'It' doesn't refer to anything. It's being used as a dummy pronoun.
From that article:
A dummy pronoun, also called an expletive pronoun or pleonastic pronoun, is a pronoun used for syntax without adding further meaning. An example is the "it" in "it is raining".
Dummy pronouns are used in many Germanic languages such as English. Pronoun-dropping languages such as Spanish, Portuguese, Chinese, and Turkish do not require dummy pronouns.
A dummy pronoun is used when a particular verb argument (or preposition) is nonexistent (it could also be unknown, irrelevant, already understood, or otherwise "not to be spoken of directly"), but when a reference to the argument (a pronoun) is nevertheless syntactically required. For instance, in the phrase, It is obvious that the violence will continue, it is a dummy pronoun, not referring to any agent. Unlike a regular pronoun of English, it cannot be replaced by any noun phrase (except for, rhetorically permitting, something like 'the state of affairs' or 'the fact of the matter'.)
So, the 'it' in that sentence could be considered to be referring to the general state of affairs or situation.

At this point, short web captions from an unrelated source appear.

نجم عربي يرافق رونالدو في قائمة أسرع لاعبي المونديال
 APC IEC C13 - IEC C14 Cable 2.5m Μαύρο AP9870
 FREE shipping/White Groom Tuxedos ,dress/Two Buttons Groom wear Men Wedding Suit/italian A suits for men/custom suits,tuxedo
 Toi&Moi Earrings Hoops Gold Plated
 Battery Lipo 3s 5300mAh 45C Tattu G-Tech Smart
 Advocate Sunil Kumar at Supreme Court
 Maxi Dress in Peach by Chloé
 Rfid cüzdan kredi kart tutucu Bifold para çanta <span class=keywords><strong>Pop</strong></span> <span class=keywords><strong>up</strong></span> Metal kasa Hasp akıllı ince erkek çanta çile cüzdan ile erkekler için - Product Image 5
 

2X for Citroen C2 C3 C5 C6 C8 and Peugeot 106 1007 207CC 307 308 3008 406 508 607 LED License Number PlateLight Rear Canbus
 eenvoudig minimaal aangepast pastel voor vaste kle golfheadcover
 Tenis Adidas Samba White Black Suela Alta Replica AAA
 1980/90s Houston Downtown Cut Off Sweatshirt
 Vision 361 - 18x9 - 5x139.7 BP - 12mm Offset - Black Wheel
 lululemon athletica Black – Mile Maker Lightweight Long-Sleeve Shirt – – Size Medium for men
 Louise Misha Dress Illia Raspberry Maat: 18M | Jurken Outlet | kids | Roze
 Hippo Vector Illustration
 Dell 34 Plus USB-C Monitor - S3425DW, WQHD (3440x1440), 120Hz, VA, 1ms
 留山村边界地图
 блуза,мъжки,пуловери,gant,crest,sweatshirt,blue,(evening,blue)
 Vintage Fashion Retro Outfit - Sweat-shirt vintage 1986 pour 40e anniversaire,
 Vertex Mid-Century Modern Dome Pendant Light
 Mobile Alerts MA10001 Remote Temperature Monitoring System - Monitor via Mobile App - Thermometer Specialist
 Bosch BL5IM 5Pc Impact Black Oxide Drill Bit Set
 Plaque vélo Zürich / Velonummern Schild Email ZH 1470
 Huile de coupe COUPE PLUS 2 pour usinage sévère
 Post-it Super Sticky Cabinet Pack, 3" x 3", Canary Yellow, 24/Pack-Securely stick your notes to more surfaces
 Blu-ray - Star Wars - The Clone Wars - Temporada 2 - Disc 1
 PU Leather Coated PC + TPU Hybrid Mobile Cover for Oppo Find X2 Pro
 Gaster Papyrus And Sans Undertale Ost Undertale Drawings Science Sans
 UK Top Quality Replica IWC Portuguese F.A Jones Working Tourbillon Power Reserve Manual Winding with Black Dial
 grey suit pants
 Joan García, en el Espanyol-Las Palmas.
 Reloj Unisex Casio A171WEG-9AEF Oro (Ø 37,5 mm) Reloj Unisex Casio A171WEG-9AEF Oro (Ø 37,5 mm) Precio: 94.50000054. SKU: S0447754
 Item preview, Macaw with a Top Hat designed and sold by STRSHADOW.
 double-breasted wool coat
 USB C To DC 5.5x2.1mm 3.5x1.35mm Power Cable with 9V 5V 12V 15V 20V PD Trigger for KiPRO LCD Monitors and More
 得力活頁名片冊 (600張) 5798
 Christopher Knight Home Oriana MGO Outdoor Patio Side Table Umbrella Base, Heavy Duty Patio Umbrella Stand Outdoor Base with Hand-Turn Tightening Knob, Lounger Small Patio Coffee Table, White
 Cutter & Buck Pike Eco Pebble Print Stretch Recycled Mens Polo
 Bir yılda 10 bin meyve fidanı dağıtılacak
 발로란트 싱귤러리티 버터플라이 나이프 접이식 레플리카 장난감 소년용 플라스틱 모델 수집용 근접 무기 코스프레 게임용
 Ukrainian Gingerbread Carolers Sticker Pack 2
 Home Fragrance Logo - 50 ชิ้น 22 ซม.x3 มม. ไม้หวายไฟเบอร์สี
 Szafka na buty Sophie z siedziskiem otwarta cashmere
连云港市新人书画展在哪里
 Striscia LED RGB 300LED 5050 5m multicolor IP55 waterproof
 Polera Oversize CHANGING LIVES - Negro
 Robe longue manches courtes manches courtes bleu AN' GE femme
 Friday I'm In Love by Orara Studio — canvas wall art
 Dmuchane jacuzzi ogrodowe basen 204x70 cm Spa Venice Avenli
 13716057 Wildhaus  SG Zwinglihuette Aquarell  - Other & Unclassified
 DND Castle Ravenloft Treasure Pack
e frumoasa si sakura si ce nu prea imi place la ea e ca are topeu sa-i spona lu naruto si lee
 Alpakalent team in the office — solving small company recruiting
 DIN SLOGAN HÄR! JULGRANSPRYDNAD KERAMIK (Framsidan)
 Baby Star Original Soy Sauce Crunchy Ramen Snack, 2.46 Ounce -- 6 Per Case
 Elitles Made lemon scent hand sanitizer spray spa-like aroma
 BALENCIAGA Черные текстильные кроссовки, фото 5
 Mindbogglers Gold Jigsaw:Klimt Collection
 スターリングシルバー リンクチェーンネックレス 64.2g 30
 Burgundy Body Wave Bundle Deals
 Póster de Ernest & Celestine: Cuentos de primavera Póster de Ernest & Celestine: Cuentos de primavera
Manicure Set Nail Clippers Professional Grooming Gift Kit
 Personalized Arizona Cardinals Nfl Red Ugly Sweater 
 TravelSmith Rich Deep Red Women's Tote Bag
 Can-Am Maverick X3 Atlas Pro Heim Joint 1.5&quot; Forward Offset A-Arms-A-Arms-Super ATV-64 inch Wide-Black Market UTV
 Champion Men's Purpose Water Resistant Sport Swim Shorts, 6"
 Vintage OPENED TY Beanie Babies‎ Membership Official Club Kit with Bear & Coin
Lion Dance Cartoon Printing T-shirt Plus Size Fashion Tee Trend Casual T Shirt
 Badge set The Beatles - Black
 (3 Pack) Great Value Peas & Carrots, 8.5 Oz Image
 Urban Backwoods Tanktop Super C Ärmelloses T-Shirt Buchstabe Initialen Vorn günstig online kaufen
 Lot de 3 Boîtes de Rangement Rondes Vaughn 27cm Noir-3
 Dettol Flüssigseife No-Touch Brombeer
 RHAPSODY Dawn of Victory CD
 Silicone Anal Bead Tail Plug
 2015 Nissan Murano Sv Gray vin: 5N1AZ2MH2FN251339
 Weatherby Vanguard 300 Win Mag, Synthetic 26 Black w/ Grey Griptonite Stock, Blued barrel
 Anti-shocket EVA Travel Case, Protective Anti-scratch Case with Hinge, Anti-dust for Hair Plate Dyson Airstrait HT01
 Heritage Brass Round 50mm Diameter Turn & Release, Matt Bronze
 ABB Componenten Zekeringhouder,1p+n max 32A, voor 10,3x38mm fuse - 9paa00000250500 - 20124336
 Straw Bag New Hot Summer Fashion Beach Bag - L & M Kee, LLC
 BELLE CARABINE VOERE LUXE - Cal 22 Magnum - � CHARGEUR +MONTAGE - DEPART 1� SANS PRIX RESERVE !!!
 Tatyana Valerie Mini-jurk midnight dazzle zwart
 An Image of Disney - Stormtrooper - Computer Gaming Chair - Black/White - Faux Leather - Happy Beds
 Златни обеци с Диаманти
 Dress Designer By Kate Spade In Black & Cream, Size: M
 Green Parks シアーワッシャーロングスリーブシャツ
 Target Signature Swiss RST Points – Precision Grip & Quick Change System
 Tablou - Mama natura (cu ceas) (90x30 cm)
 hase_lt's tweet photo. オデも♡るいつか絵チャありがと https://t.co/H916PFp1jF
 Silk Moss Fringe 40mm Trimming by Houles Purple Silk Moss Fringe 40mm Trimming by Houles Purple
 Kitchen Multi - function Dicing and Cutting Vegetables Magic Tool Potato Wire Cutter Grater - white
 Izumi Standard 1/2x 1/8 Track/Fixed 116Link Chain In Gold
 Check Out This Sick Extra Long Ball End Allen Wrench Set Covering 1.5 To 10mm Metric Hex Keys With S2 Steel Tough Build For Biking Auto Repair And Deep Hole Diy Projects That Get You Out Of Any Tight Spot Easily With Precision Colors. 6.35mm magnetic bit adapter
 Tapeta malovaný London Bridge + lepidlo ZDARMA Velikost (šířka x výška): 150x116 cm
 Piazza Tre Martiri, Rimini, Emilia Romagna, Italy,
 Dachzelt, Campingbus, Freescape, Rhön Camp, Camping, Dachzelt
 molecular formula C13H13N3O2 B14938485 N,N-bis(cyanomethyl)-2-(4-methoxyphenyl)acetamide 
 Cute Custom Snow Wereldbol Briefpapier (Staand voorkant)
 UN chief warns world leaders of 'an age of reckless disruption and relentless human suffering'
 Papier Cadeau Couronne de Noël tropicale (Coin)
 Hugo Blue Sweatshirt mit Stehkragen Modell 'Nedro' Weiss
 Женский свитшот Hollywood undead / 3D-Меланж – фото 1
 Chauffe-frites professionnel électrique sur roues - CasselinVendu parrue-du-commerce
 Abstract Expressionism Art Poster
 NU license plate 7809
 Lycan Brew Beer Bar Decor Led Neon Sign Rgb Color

You could rephrase it like this:
Certainly, there is some disagreement about that, but most people characterize the current situation such that we want judges who are not judicially activist.
Or, you could just drop all that:
Certainly, there is some disagreement about that, but most people want judges who are not judicially activist.
Except that now it is the speaker characterizing the current situation, rather than him characterizing most people as characterizing the current situation.